Your answer must be an exact transcription of the data, with every picture omitted.

§ Information supplied:
::::

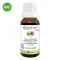 Bitterkraft Original væske (20 ml)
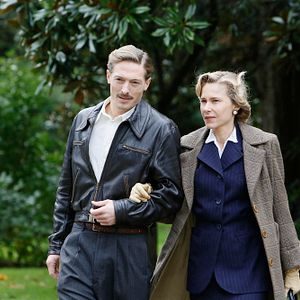 Foto Pascale Arbillot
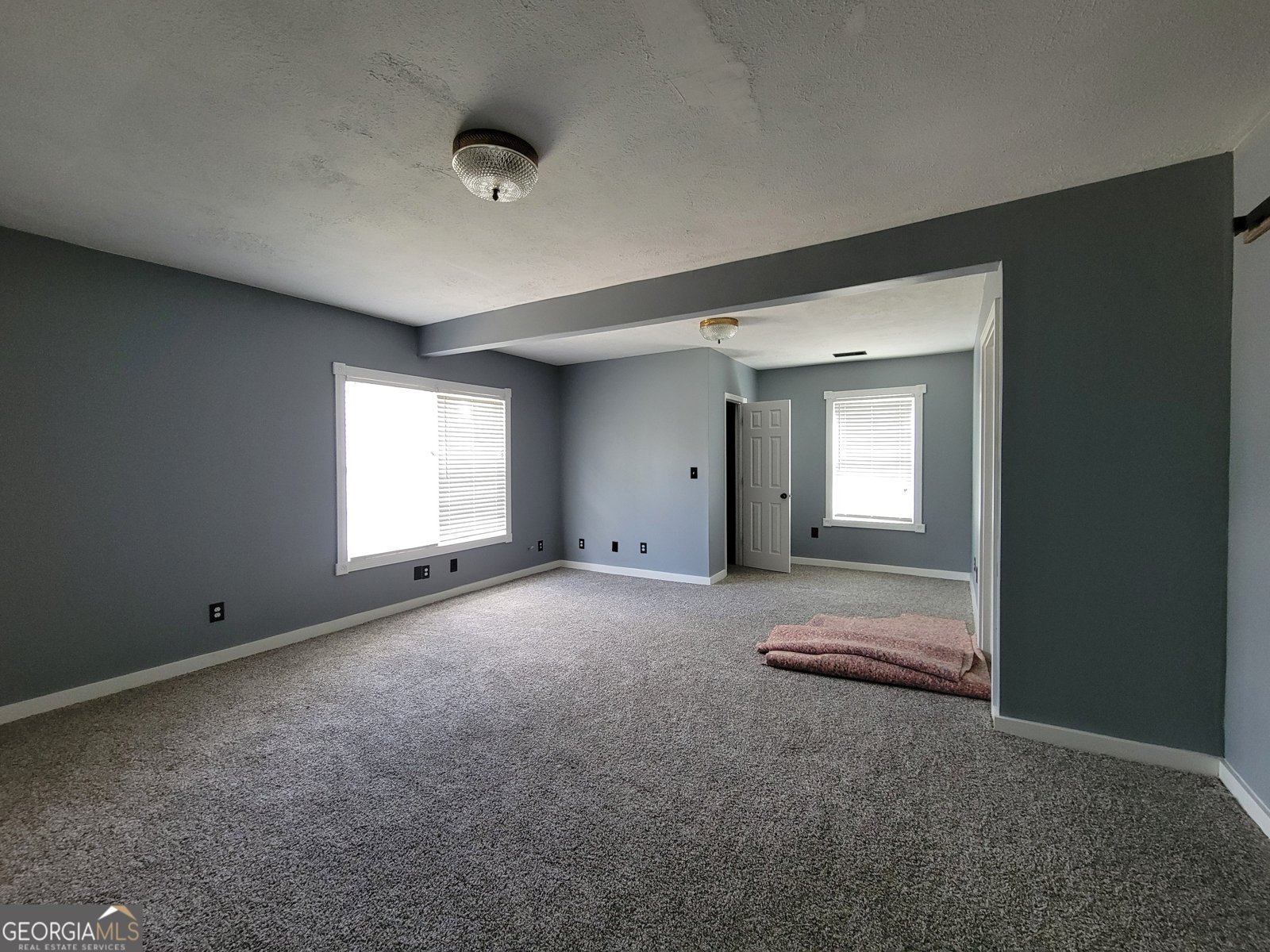 246 Nelson Avenue Lyons - 14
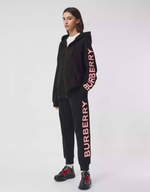 Костюм Burberry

::::

§ Result below:
 Bitterkraft Original væske (20 ml)
 Foto Pascale Arbillot
 246 Nelson Avenue Lyons - 14
 Костюм Burberry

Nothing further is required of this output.